[Start of Attachment]

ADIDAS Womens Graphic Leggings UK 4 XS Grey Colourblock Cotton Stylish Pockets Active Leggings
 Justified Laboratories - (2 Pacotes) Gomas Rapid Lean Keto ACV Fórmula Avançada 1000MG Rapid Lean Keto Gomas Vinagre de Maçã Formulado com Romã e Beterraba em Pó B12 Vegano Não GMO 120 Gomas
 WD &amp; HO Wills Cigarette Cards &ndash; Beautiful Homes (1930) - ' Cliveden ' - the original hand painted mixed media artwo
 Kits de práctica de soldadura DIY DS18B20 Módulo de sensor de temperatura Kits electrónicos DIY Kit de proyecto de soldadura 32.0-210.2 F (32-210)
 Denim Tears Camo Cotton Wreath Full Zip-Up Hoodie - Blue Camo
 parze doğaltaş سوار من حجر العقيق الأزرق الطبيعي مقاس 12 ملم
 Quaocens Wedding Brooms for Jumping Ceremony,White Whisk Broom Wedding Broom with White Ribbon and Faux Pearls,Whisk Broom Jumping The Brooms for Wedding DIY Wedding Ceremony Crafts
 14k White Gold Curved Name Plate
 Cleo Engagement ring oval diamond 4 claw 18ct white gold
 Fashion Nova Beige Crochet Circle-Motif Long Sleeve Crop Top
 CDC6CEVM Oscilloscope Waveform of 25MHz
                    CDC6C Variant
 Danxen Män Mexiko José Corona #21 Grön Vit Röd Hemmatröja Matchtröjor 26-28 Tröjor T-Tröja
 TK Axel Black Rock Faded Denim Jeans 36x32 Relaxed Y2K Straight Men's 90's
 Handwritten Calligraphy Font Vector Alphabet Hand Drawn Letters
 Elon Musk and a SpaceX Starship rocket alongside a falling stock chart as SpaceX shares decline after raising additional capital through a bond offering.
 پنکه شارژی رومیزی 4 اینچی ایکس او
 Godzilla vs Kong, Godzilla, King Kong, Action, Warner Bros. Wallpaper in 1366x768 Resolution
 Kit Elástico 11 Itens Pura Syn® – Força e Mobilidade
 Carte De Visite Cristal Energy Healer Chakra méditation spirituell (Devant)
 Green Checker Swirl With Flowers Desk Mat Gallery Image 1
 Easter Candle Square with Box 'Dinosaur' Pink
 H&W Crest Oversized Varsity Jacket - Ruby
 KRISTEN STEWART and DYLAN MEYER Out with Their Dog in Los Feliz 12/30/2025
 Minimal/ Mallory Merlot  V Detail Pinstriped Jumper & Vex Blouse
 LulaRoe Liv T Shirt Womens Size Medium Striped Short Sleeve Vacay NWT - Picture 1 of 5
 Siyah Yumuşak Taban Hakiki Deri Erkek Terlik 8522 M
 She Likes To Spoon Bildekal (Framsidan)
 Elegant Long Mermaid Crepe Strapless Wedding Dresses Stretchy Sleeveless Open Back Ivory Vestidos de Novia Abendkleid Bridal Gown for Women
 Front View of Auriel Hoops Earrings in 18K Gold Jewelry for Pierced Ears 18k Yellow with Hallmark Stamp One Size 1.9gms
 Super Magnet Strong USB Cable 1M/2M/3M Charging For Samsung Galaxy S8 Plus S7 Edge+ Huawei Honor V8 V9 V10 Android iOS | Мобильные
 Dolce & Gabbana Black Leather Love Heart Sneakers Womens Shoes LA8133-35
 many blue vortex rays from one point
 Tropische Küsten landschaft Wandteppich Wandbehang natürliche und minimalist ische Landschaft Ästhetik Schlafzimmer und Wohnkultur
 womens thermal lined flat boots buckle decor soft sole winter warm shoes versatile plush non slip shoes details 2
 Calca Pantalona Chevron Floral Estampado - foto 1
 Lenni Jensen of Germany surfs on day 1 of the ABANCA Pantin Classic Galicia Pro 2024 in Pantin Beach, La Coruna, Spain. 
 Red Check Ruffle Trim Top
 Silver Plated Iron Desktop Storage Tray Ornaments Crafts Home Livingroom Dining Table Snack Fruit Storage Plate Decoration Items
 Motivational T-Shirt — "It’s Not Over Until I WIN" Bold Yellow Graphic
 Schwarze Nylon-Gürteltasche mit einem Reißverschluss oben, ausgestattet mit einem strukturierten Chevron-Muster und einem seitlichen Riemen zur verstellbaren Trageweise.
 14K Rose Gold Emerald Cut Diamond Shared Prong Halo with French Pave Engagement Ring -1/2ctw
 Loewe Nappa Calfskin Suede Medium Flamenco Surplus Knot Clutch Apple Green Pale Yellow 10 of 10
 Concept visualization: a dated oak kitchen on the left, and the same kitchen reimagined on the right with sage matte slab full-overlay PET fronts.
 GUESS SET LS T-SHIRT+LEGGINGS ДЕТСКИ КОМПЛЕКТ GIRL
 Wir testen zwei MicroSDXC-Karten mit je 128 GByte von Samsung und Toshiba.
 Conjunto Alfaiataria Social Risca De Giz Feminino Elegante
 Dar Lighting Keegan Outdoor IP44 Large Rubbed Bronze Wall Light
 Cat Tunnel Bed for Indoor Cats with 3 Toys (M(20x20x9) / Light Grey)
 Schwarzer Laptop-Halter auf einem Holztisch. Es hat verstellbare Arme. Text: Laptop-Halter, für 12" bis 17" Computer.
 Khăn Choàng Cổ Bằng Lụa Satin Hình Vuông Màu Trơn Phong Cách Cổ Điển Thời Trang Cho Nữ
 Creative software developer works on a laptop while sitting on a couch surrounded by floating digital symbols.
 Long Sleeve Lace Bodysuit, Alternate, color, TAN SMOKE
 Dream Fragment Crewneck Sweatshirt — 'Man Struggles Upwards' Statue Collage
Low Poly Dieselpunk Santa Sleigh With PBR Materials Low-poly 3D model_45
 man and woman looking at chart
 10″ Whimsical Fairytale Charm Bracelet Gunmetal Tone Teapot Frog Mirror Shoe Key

[End of Attachment]

*Your goal:* Take the lines above from the one containing "KRISTEN STEWART and" to the one containing "Calca Pantalona Chevron" and retype them exactly, both ends included, with nothing added.

*Solution for this problem:*
 KRISTEN STEWART and DYLAN MEYER Out with Their Dog in Los Feliz 12/30/2025
 Minimal/ Mallory Merlot  V Detail Pinstriped Jumper & Vex Blouse
 LulaRoe Liv T Shirt Womens Size Medium Striped Short Sleeve Vacay NWT - Picture 1 of 5
 Siyah Yumuşak Taban Hakiki Deri Erkek Terlik 8522 M
 She Likes To Spoon Bildekal (Framsidan)
 Elegant Long Mermaid Crepe Strapless Wedding Dresses Stretchy Sleeveless Open Back Ivory Vestidos de Novia Abendkleid Bridal Gown for Women
 Front View of Auriel Hoops Earrings in 18K Gold Jewelry for Pierced Ears 18k Yellow with Hallmark Stamp One Size 1.9gms
 Super Magnet Strong USB Cable 1M/2M/3M Charging For Samsung Galaxy S8 Plus S7 Edge+ Huawei Honor V8 V9 V10 Android iOS | Мобильные
 Dolce & Gabbana Black Leather Love Heart Sneakers Womens Shoes LA8133-35
 many blue vortex rays from one point
 Tropische Küsten landschaft Wandteppich Wandbehang natürliche und minimalist ische Landschaft Ästhetik Schlafzimmer und Wohnkultur
 womens thermal lined flat boots buckle decor soft sole winter warm shoes versatile plush non slip shoes details 2
 Calca Pantalona Chevron Floral Estampado - foto 1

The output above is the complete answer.